How to complete this task ▸ Beneath this task are records; print exactly the stretch of them from the line with "Puzzles 200 Teile" through the line with "AOGLLATI Canapé Lit", both ends included.

=== Materials provided ===

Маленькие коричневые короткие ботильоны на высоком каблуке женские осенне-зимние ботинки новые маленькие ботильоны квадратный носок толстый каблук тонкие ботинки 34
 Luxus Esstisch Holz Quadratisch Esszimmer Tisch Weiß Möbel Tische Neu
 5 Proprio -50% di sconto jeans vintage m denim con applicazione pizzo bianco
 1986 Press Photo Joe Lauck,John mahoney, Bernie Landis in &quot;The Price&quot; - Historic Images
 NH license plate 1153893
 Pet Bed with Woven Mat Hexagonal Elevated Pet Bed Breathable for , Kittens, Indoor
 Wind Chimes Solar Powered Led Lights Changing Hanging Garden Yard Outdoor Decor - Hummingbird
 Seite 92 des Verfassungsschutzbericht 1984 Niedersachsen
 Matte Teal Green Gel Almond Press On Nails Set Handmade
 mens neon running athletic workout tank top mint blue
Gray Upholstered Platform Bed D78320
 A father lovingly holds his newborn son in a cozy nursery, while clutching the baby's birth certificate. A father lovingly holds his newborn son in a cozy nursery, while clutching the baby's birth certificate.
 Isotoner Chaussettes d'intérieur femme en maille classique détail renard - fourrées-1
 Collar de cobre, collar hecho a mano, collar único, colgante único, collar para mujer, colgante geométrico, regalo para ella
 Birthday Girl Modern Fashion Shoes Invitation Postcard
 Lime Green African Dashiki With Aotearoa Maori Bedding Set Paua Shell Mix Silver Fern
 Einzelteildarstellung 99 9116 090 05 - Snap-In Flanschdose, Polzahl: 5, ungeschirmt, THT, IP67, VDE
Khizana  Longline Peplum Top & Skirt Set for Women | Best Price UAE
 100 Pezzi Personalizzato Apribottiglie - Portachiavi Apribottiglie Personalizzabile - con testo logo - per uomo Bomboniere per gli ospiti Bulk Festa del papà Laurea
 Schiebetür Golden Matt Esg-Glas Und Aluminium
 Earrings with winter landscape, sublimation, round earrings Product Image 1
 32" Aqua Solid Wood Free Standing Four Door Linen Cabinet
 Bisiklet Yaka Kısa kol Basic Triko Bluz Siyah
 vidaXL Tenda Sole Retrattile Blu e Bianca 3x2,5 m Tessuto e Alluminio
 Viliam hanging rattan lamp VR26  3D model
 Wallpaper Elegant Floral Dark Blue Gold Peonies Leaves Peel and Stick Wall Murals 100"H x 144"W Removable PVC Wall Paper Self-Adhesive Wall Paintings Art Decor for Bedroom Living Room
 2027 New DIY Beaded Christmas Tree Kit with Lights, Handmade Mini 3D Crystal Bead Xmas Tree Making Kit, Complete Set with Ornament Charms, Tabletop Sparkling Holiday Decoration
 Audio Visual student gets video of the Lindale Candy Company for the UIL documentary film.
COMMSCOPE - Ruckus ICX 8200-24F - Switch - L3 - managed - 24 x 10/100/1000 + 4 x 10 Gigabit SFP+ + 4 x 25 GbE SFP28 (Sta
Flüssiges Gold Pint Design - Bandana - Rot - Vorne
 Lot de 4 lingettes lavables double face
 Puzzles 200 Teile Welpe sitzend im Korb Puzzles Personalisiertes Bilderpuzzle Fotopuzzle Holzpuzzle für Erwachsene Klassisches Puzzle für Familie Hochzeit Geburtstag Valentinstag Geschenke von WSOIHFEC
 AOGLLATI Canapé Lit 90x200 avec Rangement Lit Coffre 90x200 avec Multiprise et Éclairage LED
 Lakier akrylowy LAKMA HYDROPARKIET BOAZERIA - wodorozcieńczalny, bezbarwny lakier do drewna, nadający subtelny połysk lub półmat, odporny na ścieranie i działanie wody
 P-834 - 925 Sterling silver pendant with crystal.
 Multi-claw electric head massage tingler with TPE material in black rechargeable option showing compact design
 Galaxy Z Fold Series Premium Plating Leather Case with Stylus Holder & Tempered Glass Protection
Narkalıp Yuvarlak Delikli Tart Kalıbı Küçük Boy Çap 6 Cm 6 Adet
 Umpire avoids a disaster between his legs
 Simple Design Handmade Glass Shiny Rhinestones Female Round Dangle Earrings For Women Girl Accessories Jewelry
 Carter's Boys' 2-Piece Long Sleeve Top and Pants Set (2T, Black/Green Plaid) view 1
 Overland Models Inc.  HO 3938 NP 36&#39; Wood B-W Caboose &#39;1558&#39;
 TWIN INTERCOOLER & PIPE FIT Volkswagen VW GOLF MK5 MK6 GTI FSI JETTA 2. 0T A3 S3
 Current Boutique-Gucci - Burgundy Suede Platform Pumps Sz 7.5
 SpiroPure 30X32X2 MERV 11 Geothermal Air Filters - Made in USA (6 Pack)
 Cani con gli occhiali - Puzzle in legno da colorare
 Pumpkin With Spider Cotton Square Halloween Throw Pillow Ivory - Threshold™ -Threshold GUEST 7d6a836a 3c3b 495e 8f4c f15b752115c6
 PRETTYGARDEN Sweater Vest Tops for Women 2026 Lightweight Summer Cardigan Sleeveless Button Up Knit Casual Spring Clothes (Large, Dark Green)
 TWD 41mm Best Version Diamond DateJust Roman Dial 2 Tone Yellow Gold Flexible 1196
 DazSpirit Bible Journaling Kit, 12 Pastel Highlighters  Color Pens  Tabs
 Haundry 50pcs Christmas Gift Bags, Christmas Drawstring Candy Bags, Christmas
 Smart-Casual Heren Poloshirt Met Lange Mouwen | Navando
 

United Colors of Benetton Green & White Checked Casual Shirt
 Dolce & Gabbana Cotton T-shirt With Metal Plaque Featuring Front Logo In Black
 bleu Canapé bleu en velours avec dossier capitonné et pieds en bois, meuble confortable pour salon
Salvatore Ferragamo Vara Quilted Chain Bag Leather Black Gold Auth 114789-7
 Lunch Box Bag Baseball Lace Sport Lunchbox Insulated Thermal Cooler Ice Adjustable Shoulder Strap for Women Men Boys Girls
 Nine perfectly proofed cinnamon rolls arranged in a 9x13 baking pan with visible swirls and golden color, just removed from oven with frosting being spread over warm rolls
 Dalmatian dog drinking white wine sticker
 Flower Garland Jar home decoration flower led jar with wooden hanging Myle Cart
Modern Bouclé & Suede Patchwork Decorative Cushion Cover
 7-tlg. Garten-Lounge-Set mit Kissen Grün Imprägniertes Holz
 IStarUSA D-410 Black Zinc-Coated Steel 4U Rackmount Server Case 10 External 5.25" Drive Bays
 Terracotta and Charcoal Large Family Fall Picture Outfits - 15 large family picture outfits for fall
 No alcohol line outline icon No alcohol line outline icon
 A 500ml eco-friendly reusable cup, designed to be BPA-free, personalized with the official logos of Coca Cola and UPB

===

Expected answer ▸
 Puzzles 200 Teile Welpe sitzend im Korb Puzzles Personalisiertes Bilderpuzzle Fotopuzzle Holzpuzzle für Erwachsene Klassisches Puzzle für Familie Hochzeit Geburtstag Valentinstag Geschenke von WSOIHFEC
 AOGLLATI Canapé Lit 90x200 avec Rangement Lit Coffre 90x200 avec Multiprise et Éclairage LED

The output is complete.